Anything else you can do produces second-order effects, at best. Shifting your weight, weighting footpegs, sticking your knee out in the wind. Sure, you can (with some difficulty, depending on the bike) keep it in your lane no-hands, or (maybe) maneuver around a gentle curve at speed this way. You can do it 10 times more easily, and with less thought, by just using your hands on the bars.

I can steer my 20 lb bicycle quite easily, even initiating significant lean angles, without using my hands. However a 400+ lb motorcycle, with its momentum, and the gyroscopic forces of its much larger wheels, does not steer easily in this manner.

And the reason to teach counter-steering as a specific skill is so that riders of aware of how turning their bike REALLY works. Sure, many of us managed to ride bikes using unconscious counter-steering for years. I know I did. Until the first time I took a (neighbour's) street bike up a road at 180 km/h (indicated) and got to the first bend and realized I didn't know how to make it turn. My usual unconscious, relatively subtle inputs weren't getting the job done at this speed, on a bike much heavier than the bicycles and dirt bikes I had ridden previously.
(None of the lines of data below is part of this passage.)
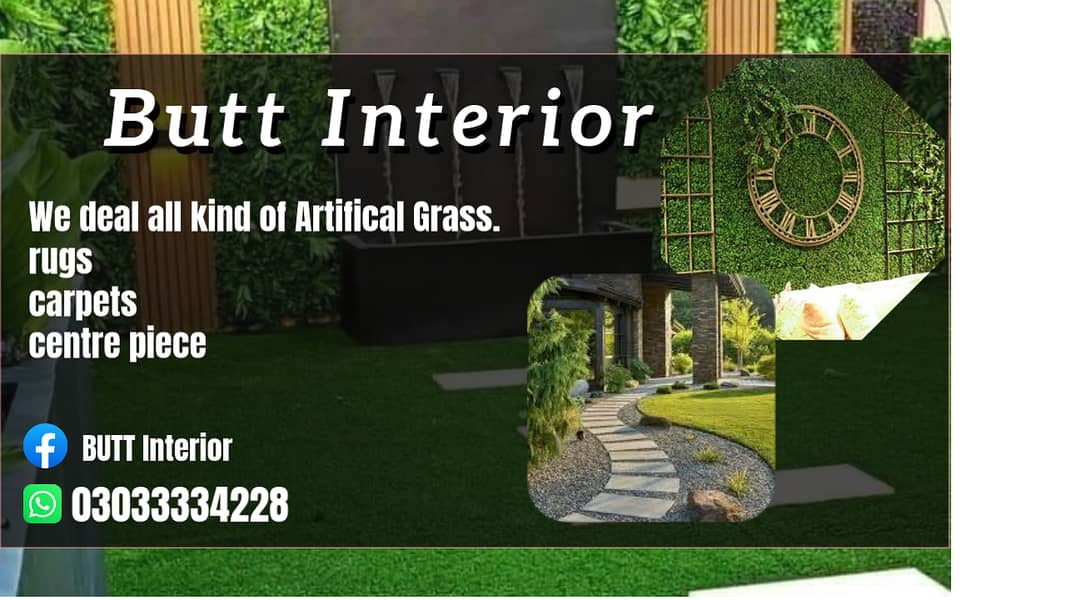 Gym Flooring- bulk-green net-Pedal Court-Green Grass-Artificial grass 0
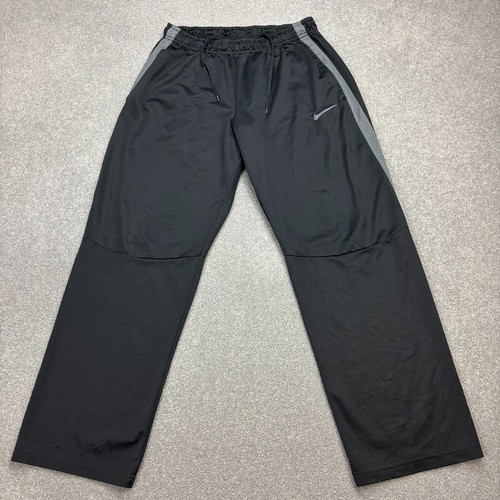 Nike track pants adult large - adult,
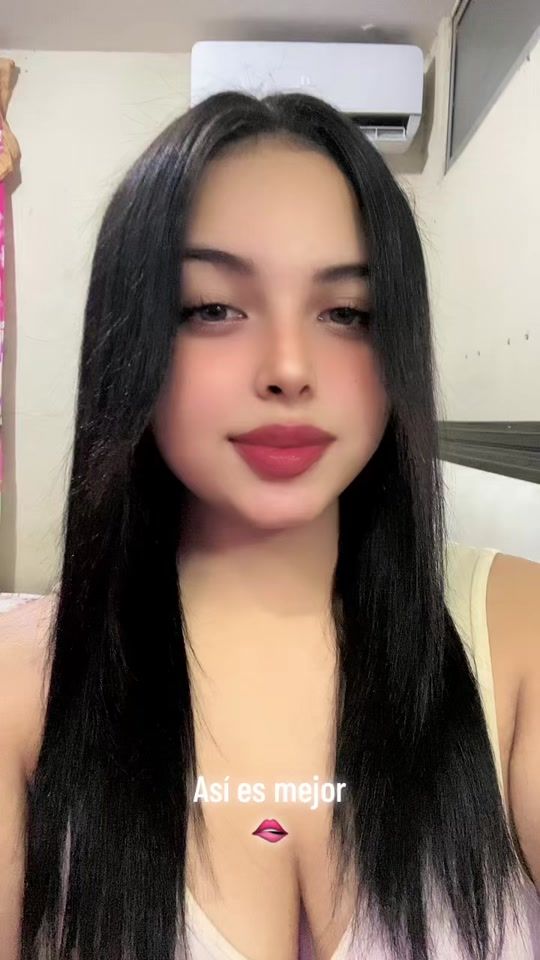 TikTok video thumbnail by ashly70_7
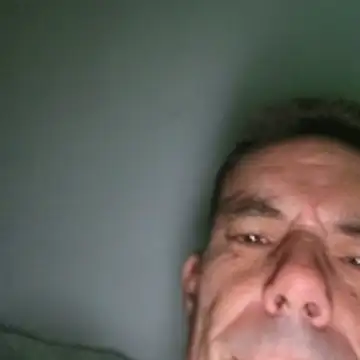 Kenhornu Webcam show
I still don't consciously counter-steer on a bicycle. It just isn't necessary. Little more than a small shift of weight is required. However, at all but the highest speeds, hand contact on the bars is necessary, or at least useful, to stabilize the front wheel and steering. But again that's a 20 lb bicycle. On something 20-40 times heavier, the situation is very different.

On my ~600 lb R1200RT? It's difficult to even keep it going straight down the lane using only body english. The bike has a lot of side fairing surface to catch wind, and a lot of momentum. Quite severe leaning of the rider is necessary to keep it on the desired course while riding no-hands.